What is being asked: Reproduce every entry exactly as given.
Exercise data Block Start
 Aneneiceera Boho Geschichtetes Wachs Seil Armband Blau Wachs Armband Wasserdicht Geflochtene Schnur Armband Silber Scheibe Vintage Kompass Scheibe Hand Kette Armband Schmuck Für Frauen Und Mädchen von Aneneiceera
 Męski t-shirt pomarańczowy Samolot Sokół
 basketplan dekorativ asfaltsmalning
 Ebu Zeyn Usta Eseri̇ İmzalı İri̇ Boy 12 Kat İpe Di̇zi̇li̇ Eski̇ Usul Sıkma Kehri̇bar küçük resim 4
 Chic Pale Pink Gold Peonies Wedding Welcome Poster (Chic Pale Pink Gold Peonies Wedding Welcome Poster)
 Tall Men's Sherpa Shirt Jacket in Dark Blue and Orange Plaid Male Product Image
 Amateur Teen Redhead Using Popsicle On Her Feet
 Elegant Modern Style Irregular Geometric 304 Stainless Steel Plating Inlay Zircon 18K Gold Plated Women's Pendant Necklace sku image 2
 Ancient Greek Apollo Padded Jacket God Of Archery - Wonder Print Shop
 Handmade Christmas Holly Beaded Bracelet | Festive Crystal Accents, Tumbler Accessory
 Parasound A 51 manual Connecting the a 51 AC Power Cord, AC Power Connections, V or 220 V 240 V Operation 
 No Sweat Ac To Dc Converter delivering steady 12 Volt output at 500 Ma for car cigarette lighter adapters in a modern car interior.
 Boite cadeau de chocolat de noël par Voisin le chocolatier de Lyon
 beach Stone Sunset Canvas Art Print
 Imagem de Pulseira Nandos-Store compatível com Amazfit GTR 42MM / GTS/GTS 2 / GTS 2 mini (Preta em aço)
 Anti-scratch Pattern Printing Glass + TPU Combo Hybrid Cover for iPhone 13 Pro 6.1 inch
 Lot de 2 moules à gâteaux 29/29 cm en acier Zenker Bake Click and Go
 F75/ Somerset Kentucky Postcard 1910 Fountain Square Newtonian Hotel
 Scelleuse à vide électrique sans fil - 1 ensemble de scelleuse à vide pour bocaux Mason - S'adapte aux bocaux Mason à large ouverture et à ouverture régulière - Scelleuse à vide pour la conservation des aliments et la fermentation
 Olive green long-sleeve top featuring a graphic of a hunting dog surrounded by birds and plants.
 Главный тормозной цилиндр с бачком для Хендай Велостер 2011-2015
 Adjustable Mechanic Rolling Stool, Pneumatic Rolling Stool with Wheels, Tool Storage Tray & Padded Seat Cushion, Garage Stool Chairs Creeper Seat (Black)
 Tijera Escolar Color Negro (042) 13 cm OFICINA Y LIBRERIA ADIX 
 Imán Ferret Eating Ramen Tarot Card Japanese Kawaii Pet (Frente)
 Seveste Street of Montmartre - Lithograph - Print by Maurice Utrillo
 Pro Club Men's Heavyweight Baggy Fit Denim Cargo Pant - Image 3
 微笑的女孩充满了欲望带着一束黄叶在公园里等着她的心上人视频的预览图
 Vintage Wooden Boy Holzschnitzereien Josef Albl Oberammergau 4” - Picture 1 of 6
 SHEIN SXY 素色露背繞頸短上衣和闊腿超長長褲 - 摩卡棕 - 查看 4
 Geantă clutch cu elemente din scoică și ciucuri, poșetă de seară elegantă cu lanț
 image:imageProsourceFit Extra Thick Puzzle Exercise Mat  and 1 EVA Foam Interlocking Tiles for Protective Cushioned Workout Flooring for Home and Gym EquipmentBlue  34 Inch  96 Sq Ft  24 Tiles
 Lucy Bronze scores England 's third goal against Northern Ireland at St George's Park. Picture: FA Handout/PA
Exercise data Block End
Exercise solution:
 Aneneiceera Boho Geschichtetes Wachs Seil Armband Blau Wachs Armband Wasserdicht Geflochtene Schnur Armband Silber Scheibe Vintage Kompass Scheibe Hand Kette Armband Schmuck Für Frauen Und Mädchen von Aneneiceera
 Męski t-shirt pomarańczowy Samolot Sokół
 basketplan dekorativ asfaltsmalning
 Ebu Zeyn Usta Eseri̇ İmzalı İri̇ Boy 12 Kat İpe Di̇zi̇li̇ Eski̇ Usul Sıkma Kehri̇bar küçük resim 4
 Chic Pale Pink Gold Peonies Wedding Welcome Poster (Chic Pale Pink Gold Peonies Wedding Welcome Poster)
 Tall Men's Sherpa Shirt Jacket in Dark Blue and Orange Plaid Male Product Image
 Amateur Teen Redhead Using Popsicle On Her Feet
 Elegant Modern Style Irregular Geometric 304 Stainless Steel Plating Inlay Zircon 18K Gold Plated Women's Pendant Necklace sku image 2
 Ancient Greek Apollo Padded Jacket God Of Archery - Wonder Print Shop
 Handmade Christmas Holly Beaded Bracelet | Festive Crystal Accents, Tumbler Accessory
 Parasound A 51 manual Connecting the a 51 AC Power Cord, AC Power Connections, V or 220 V 240 V Operation 
 No Sweat Ac To Dc Converter delivering steady 12 Volt output at 500 Ma for car cigarette lighter adapters in a modern car interior.
 Boite cadeau de chocolat de noël par Voisin le chocolatier de Lyon
 beach Stone Sunset Canvas Art Print
 Imagem de Pulseira Nandos-Store compatível com Amazfit GTR 42MM / GTS/GTS 2 / GTS 2 mini (Preta em aço)
 Anti-scratch Pattern Printing Glass + TPU Combo Hybrid Cover for iPhone 13 Pro 6.1 inch
 Lot de 2 moules à gâteaux 29/29 cm en acier Zenker Bake Click and Go
 F75/ Somerset Kentucky Postcard 1910 Fountain Square Newtonian Hotel
 Scelleuse à vide électrique sans fil - 1 ensemble de scelleuse à vide pour bocaux Mason - S'adapte aux bocaux Mason à large ouverture et à ouverture régulière - Scelleuse à vide pour la conservation des aliments et la fermentation
 Olive green long-sleeve top featuring a graphic of a hunting dog surrounded by birds and plants.
 Главный тормозной цилиндр с бачком для Хендай Велостер 2011-2015
 Adjustable Mechanic Rolling Stool, Pneumatic Rolling Stool with Wheels, Tool Storage Tray & Padded Seat Cushion, Garage Stool Chairs Creeper Seat (Black)
 Tijera Escolar Color Negro (042) 13 cm OFICINA Y LIBRERIA ADIX 
 Imán Ferret Eating Ramen Tarot Card Japanese Kawaii Pet (Frente)
 Seveste Street of Montmartre - Lithograph - Print by Maurice Utrillo
 Pro Club Men's Heavyweight Baggy Fit Denim Cargo Pant - Image 3
 微笑的女孩充满了欲望带着一束黄叶在公园里等着她的心上人视频的预览图
 Vintage Wooden Boy Holzschnitzereien Josef Albl Oberammergau 4” - Picture 1 of 6
 SHEIN SXY 素色露背繞頸短上衣和闊腿超長長褲 - 摩卡棕 - 查看 4
 Geantă clutch cu elemente din scoică și ciucuri, poșetă de seară elegantă cu lanț
 image:imageProsourceFit Extra Thick Puzzle Exercise Mat  and 1 EVA Foam Interlocking Tiles for Protective Cushioned Workout Flooring for Home and Gym EquipmentBlue  34 Inch  96 Sq Ft  24 Tiles
 Lucy Bronze scores England 's third goal against Northern Ireland at St George's Park. Picture: FA Handout/PA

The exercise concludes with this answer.